A novel mutation in the PEX26 gene in a family from Dagestan with members affected by Zellweger spectrum disorder

Natalia A Semenova; Marina V Kurkina; Andrey V Marakhonov; Elena L Dadali; Natalia N Taran; Tatyana V Strokova

doi:10.1016/j.ymgmr.2021.100754

A novel mutation in the PEX26 gene in a family from Dagestan with members affected by Zellweger spectrum disorder

Mol Genet Metab Rep. 2021 Apr 12:27:100754. doi: 10.1016/j.ymgmr.2021.100754. eCollection 2021 Jun.

Authors

Natalia A Semenova¹, Marina V Kurkina¹, Andrey V Marakhonov¹, Elena L Dadali¹, Natalia N Taran², Tatyana V Strokova²

Affiliations

¹ Research Centre for Medical Genetics, 1 Moskvorechye Street, Moscow 115522, Russian Federation.
² Federal Research Centre of Nutrition and Biotechnology, Kashirskoe shosse, d. 21, Moscow 115446, Russian Federation.

Abstract

Background: Peroxisome biogenesis disorders (PBD) are a heterogeneous group of autosomal recessive disorders that affect multiple organ systems. Approximately 80% of PBD patients are classifiedin the Zellweger syndrome spectrum, which is generally caused by mutations in the PEX1, PEX6, PEX10, PEX12, or PEX26 genes.

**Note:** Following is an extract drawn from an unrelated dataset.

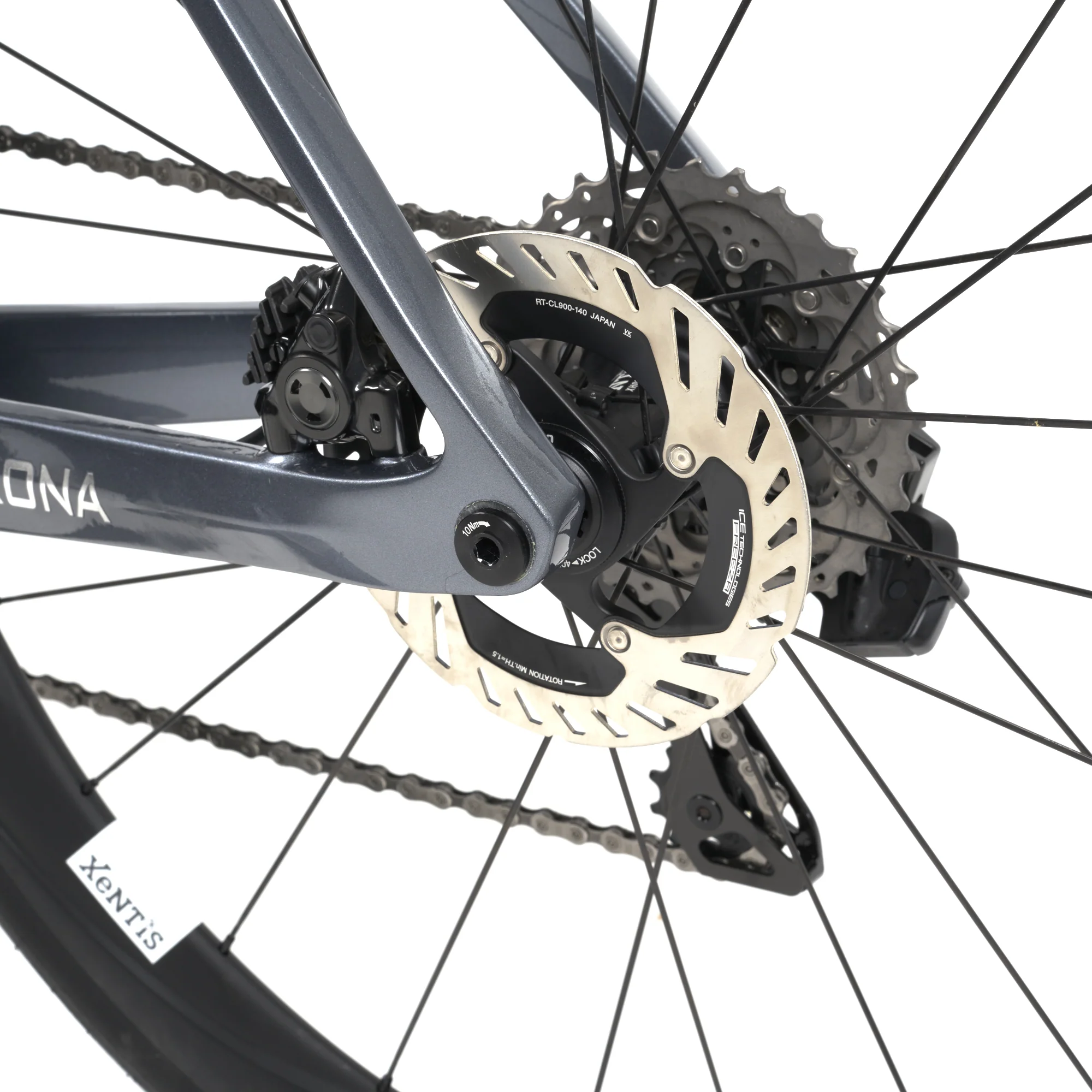 Verona Rennrad - Image 13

Methods: We present the clinical characteristics of three male members with cholestatic hepatopathy and developmental delay. Next-Generation Sequencing (NGS) was used to analyze 52 genes responsible for hereditary diseases with cholestasis. The variant was confirmed by Sanger sequencing. Dried blood spot (DBS) samples of 537 newborns from Dagestan were tested for the presence of that mutation. The frequency of the mutant allele in the population of Dagestan wasestimated using the Hardy-Weinberg equilibrium.

Results: Symptoms of disease manifested from the first months of life as severe hepatic dysfunction and developmental delay. Physical examination showed jaundice, hepatosplenomegaly, coagulopathy, and normal or slightly elevated level of gamma-glutamyltransferase (GGT), similar to progressive familial intrahepatic cholestasis. The level of C26 and ratio of C26/C22 in plasma were increased. A nucleotide variant in the PEX26 gene was identified: NM_017929.6:c.347 T>A, p.(Leu116Gln) in a homozygous state. Parents and healthy siblings were heterozygous for the mutant allele. This variant was not described in the Database of Single Nucleotide Polymorphism (dbSNP), it is not registered in the Human Gene Mutation Database (HGMD) v. 2020.1. The frequency of the mutant allele in the population of Dagestan is estimated to be less than 0.000931 (99% CI, 0.000929-0.000934).

Conclusions: Our clinical cases from Dagestan describe the phenotype associated with the c.347 T>A,p.(Leu116Gln), variant in the PEX26 gene. We show that the onset of the clinical picture in patients with Zellweger syndrome spectrum could start with severe hepatic dysfunction and cholestasis. We suggest that biochemical screening of PBD in infants with cholestasis is necessary.

Keywords: ALT, alanine aminotransferase; AST, aspartate aminotransferase; CI, confidence interval; Cholestasis; DBS, dried blood spot; GGT, gamma-glutamyltranspeptidase; Hepatic dysfunction; LDG, lactate dehydrogenase; OMIM, Online Mendelian Inheritance in Man; PBD, peroxisome biogenesis disorders; PEX26 gene; VLCFA, very-long-chain fatty acids; ZSD, Zellweger spectrum disorders; Zellweger syndrome spectrum.